> [WORK ORDER]: The required output is the exact run of lines from the one bearing "Наушники закрытые Superlux HD-662EVO Black" through the final line of the listing below, with the pictures removed.
++++
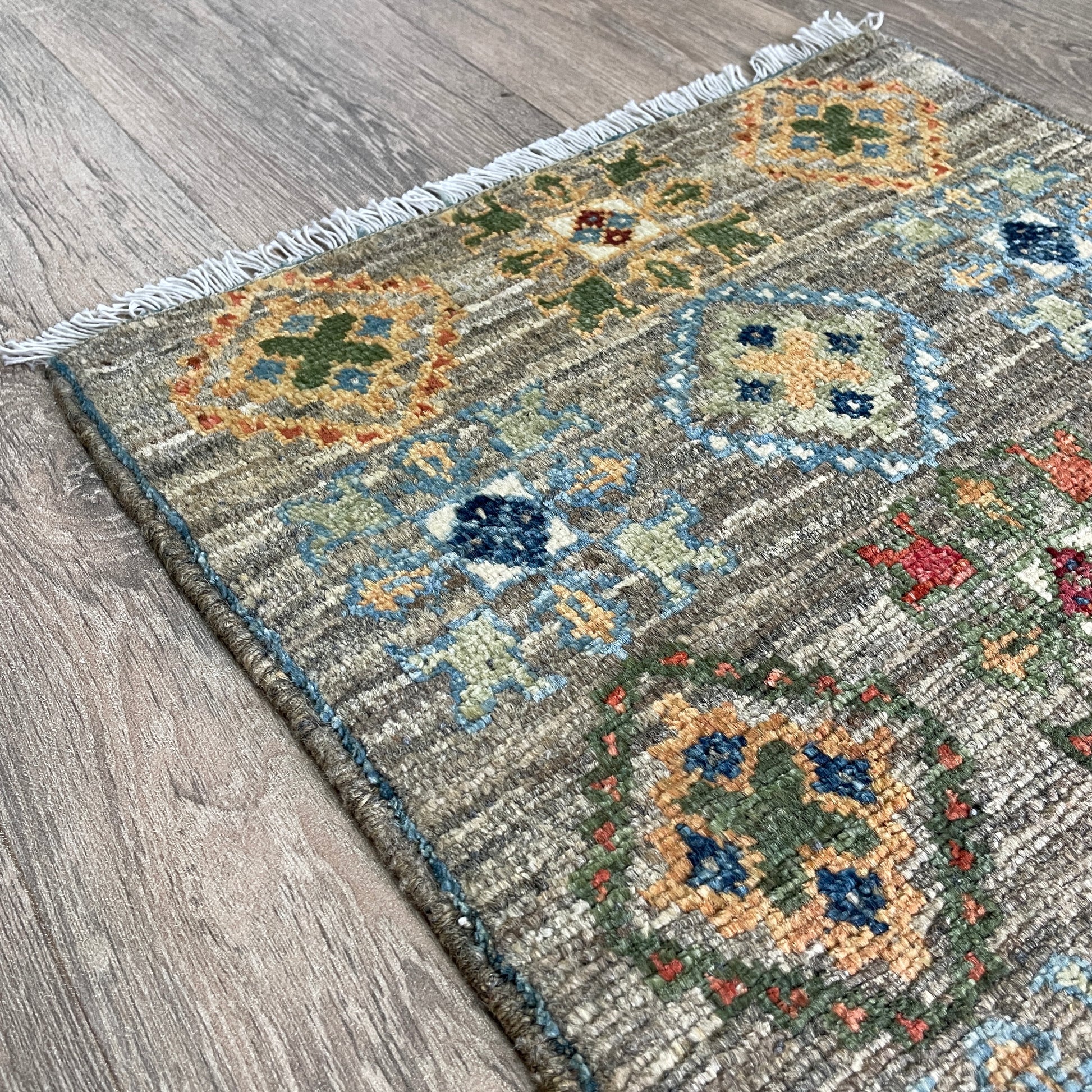 65 x 44 cm | Afghan Sultani Door Mat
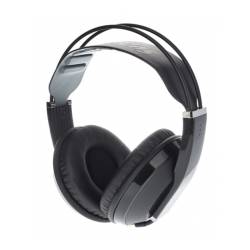 Наушники закрытые Superlux HD-662EVO Black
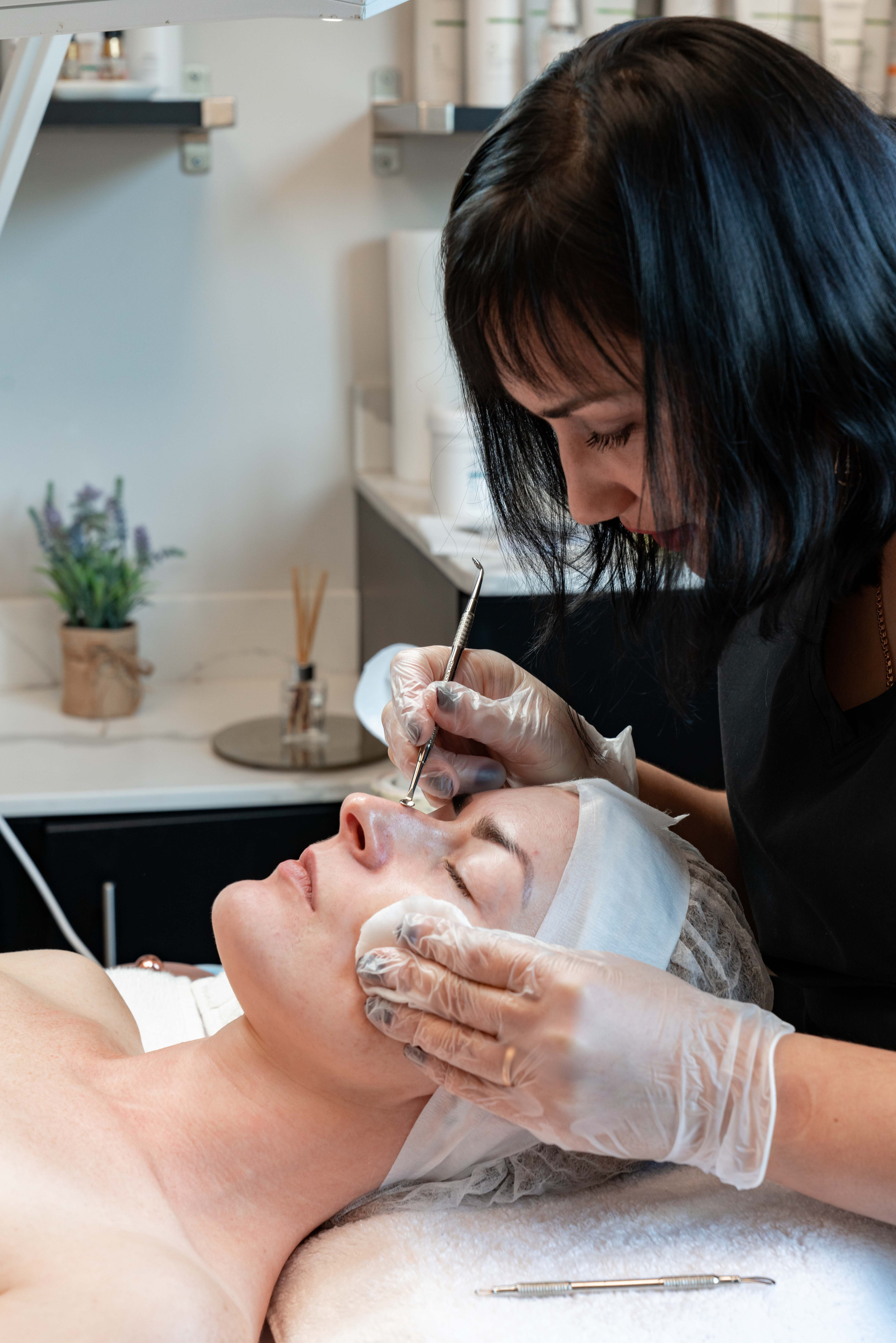 Commercial Photography by Alice Nabieva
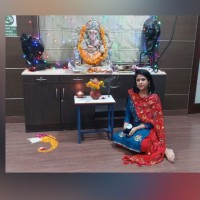 Indu Bharadwaj
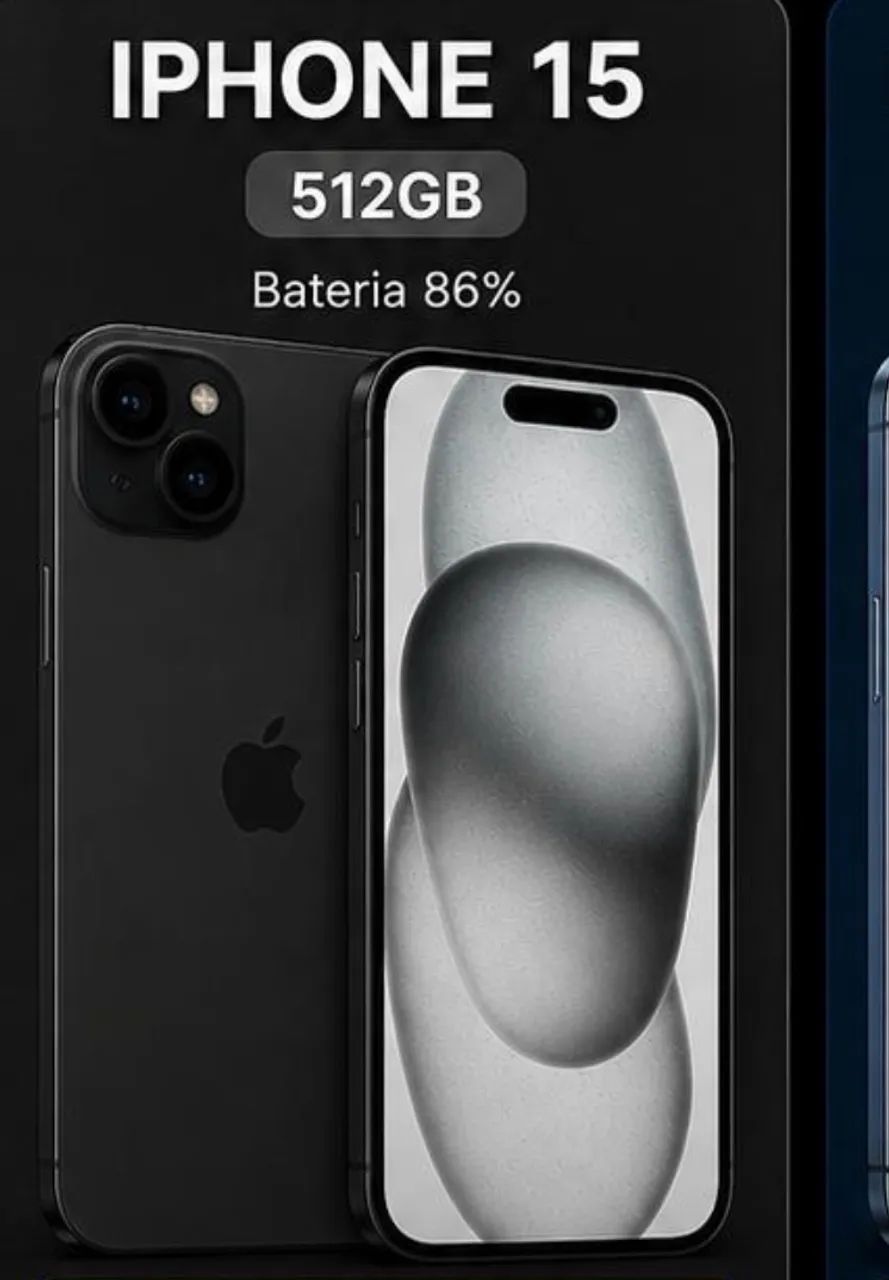 Iphone 15 512Gb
++++
> [REPLY TO THE EXERCISE]:
 Наушники закрытые Superlux HD-662EVO Black
 Commercial Photography by Alice Nabieva
 Indu Bharadwaj
 Iphone 15 512Gb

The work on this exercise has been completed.